First, let’s start by reading the lines from the input file.

def get_lines_from_file(filename):
    with open(filename) as f:
        return [line.strip() for line in f.readlines()]

Next, we need to parse each line. Each line has four different pieces of information that we care about:

The minimum number
The maximum number
The letter
The password

We could use Python’s .split() method to split on spaces, hyphens, and colons. However, this is a perfect time to use a regular expression!
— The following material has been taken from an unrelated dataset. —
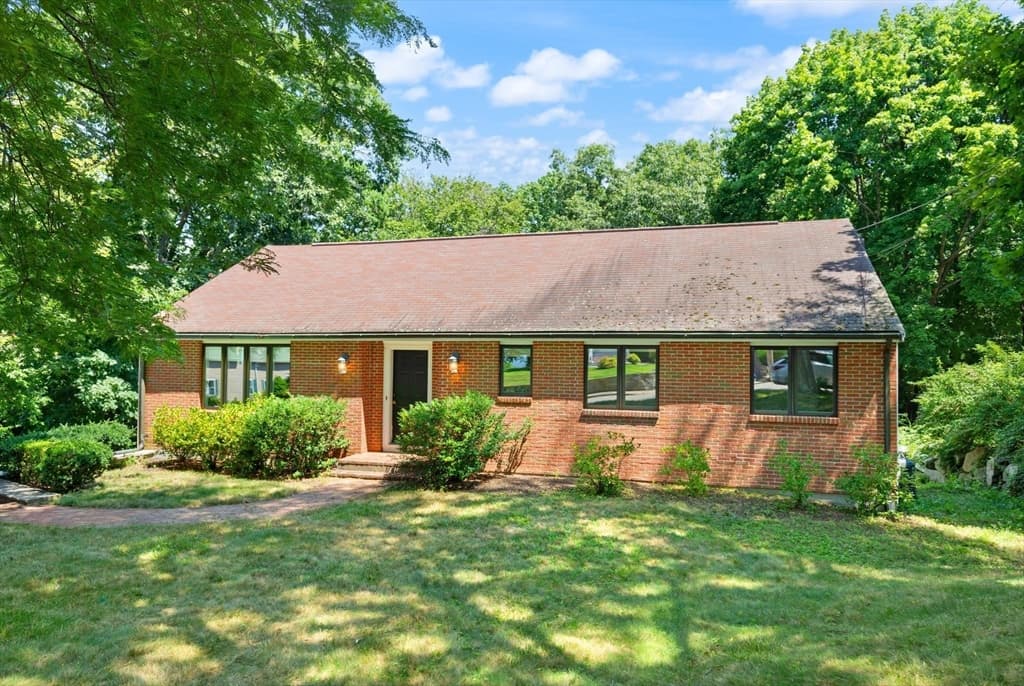 24 Minihans Ln, Quincy MA 02169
Regular expressions are perfect when the input is in consistent, simple format.

Let’s explore the format of each line a little closer.

 +---------- hyphen
 |
 | +-------- space
 | |
 | | +------ colon
 | | |
 | | |   +-- * password
 | | |   |
 | | | /---\
1-3 a: abcde
| | | |
| | | +----- space
| | |
| | +------- * letter
| |
| +--------- * minimum number
|
+----------- * maximum number

Every part of the format is important when creating a regular expression, since a mismatch will prevent the pattern from matching. Each section labeled with a * is a piece that we want to keep and remember. The other parts are just for formatting and can be thrown away once we get the pieces we need.
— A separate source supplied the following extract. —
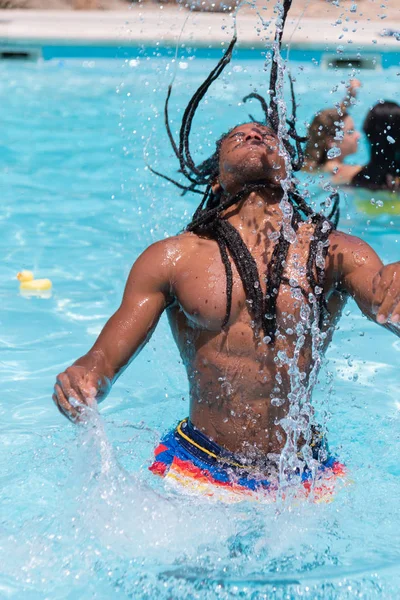 Künstlerisches Foto - Porträt eines starken Afroamerikaners, der seine Haare aus dem Wasser zieht — Stockfoto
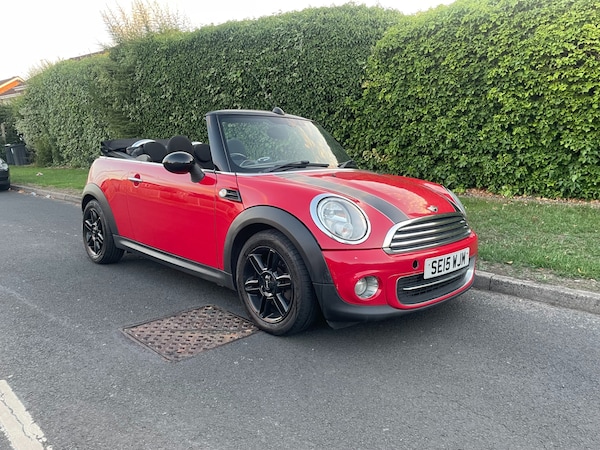 Used MINI Convertible 2015 for sale - 75386311: Photo 1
We want to create a regular expression pattern that matches this pattern and remembers the parts we care about. The pieces we care about need to be in groups (surrounded by parentheses) so we can extract them later. This is the pattern I came up with. If you’re unfamiliar with regular expressions don’t worry too much about it. They are a good tool, though, so I would recommend learning about them at some point!

(\d+)-(\d+) ([a-z]): ([a-z]+)

Fortunately for us, Python includes an implementation of regular expressions by default with the re module. We can “compile” the regular expression into a pattern that we can use repeatedly like so:

import re
pattern = re.compile('(\d+)-(\d+) ([a-z]): ([a-z]+)')

Let’s test our pattern against one of the samples!

>>> pattern.match('1-3 a: abcde')
<re.Match object; span=(0, 12), match='1-3 a: abcde'>

It looks like it worked! If it didn’t match, then it would have returned None (null). The return value looks a little weird when we print it out, but that’s ok—what we really want is the groups of the pattern. We can extract each group with the .group() method or get all of them with .groups(). Let’s get all of them and take a look.

>>> match = pattern.match('1-3 a: abcde')
>>> match.groups()
('1', '3', 'a', 'abcde')

Perfect! This has extracted each element we care about into separate elements of a tuple. The only problem left is that each element is still a string (str), but we want the first two elements to be numbers (ints). Let’s unpack the tuple, parse the strings into numbers, and re-pack it into a tuple again.

This could be a situation where we could use a class with named fields. However, since this is just a simple exercise (and the tuple will only be used a few times) we’ll just stick with an unnamed tuple.

>>> count_min, count_max, letter, password = match.groups()
>>> int(count_min), int(count_max), letter, password
(1, 3, 'a', 'abcde')

You may look at the output here and think that we didn’t change anything. However, if you look closely, the first two elements in the tuple are no longer surrounded by single quotes ('). In the first example, they were strings (strs). In this example, they are ints. Keeping track of data types is very important when programming. Let’s combine all of these pieces into a single parse_line function.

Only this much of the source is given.